Benefits of Digital Literacy and Different Processes

 One of my biggest takeaways this semester has been on the importance and versatility of teaching students digital literacy, computational thinking, and the design process.  As with an "literacy" (including information literacy, a favorite of mine), the importance of this skill is that it teaches students to think critically and explore many different avenues to find a solution.  

One study, which considers the teaching of young students to use computational thinking to be a pursuit of "21st century skills" says the following:

Designing and making digital games, this prior research suggests, can provide an ideal framework for operationalizing 21st century learning: creating digital artifacts entails technical, computational and aesthetic forms of activity whose success depends on bridging between arts and sciences -- an intersection increasingly characteristic of the contemporary job market and effective participation in social life. (Jenson & Droumeva, 2019, p. 111).

Not surprisingly, given the importance of critical thinking, studies like this show that using computational thinking can not only help students learn useful and necessary skills for future job opportunities, but also necessary skills for learning to socialize in a digital age.

Tools for Getting Started

Learning to teach students about coding can be as easy or difficult as a teacher wants to make it.  Depending on the age and skill level of both the students and the teacher, there are tools available.  There is no need to re-create the wheel!  Some of my favorite tools have been the different types of block coding we tried out.

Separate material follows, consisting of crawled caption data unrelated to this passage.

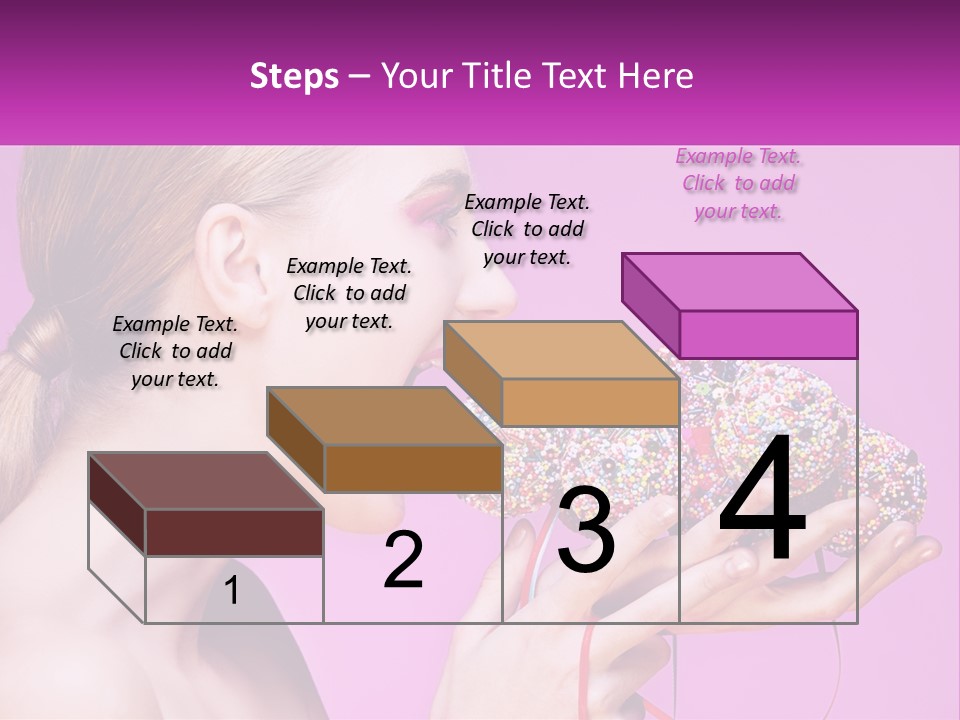 A Woman Biting Into A Donut With Sprinkles On It PowerPoint Template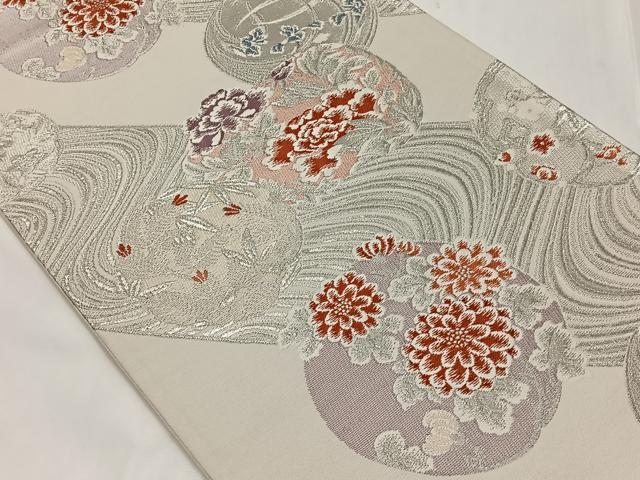 平和屋着物◎六通柄袋帯 流水花文 銀糸 正絹 逸品 CAAT8767kb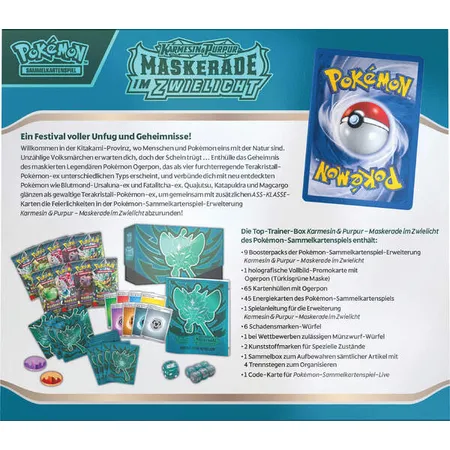 Pokemon Top-Trainer-Box Karmesin & Purpur - Maskerade im Zwielicht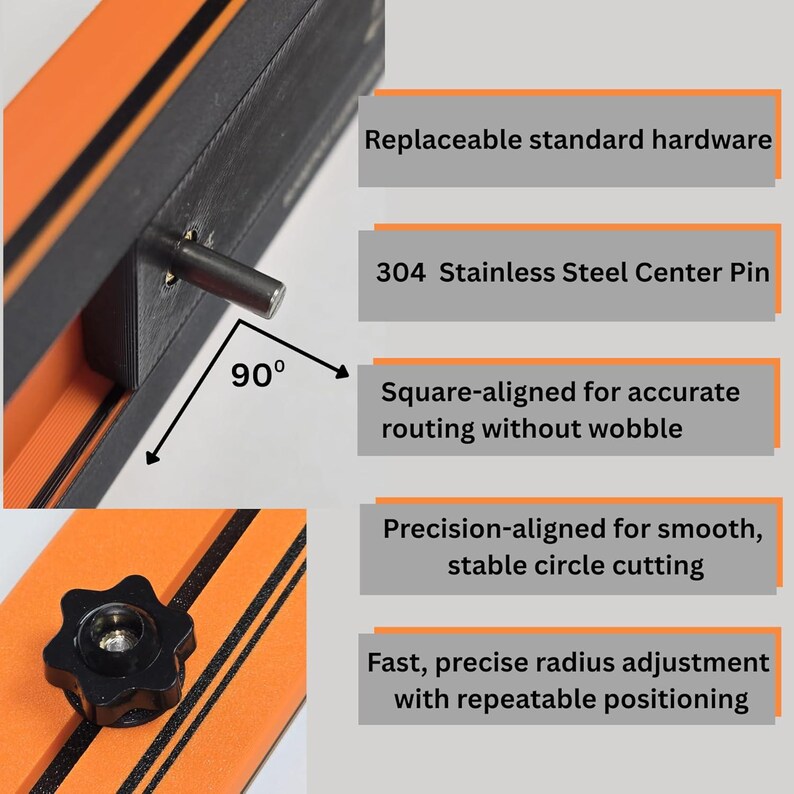 K&ouml;nnte beinhalten: Nahaufnahme eines schwarz-orangen Holzbearbeitungswerkzeugs. Es verf&uuml;gt &uuml;ber einen Mittelstift aus Edelstahl 304, austauschbare Hardware und eine quadratische Ausrichtung f&uuml;r pr&auml;zises Fr&auml;sen. Entwickelt f&uuml;r einen glatten, stabilen Kreisschnitt und schnelle Radiusverstellung.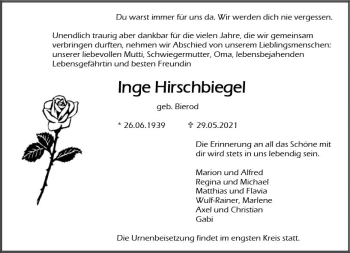 Traueranzeige von Inge Hirschbiegel von vrm-trauer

Some tools or packages, like any number of robot packages, can even help students learn about how coding is scaffolded with many other fields, like different types of engineering and mechanics.  Especially once the students are in the work force, or even in college for some programs, they may be expected to write codes or programs and work in a multi-disciplinary team.  One interesting program I read about recently had computer science students working with students in fields we might consider unrelated, such as marketing management.  The assessment of the program suggested higher efficiency, more creativity, and even that students were invested in learning from each other (Tan & Vicente, 2019).  With tools already available, all that's needed is students with different backgrounds and interests to learn from each other!

 

"Robots..." by jeffedoe is licensed under CC BY-ND 2.0

 

Some other resources I have been exploring include eBooks available through my library, such as Python Projects for Kids.  Not only do teachers have tools at their fingertips, there are projects already available to get the ball rolling.

In the Future

With the fast pace of changes in technology, it's hard to imagine what the future will be like.  Altiok and Yukselturk (2018) suggest that "it is expected that today's children have the knowledge and skills about [modern and future] technologies and also use them effectively in their life."  It's not enough that students will be expected to use technologies that might not even exist yet "effectively," but there are also expectations that students are versatile and adaptable to these technologies and will have the ability to work with them.  It's a daunting task to plan to teach technology that doesn't exist yet!

In my own future, I plan on incorporating programs like Scratch for short student programs.  I am excited to try out a number of events, from helping students make changes to an initial program to watching them learn to build their own programs using block coding.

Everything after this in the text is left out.